Provided records –
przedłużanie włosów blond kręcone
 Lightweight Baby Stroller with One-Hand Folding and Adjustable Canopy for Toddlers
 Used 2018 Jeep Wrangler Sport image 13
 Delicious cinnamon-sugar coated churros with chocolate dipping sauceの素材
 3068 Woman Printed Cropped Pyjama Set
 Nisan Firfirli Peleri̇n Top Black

Task instructions –
Please write out the lines that run from the one with "Delicious cinnamon-sugar coated" to the end of the records, both included, exactly as they appear.

Reply to the task –
 Delicious cinnamon-sugar coated churros with chocolate dipping sauceの素材
 3068 Woman Printed Cropped Pyjama Set
 Nisan Firfirli Peleri̇n Top Black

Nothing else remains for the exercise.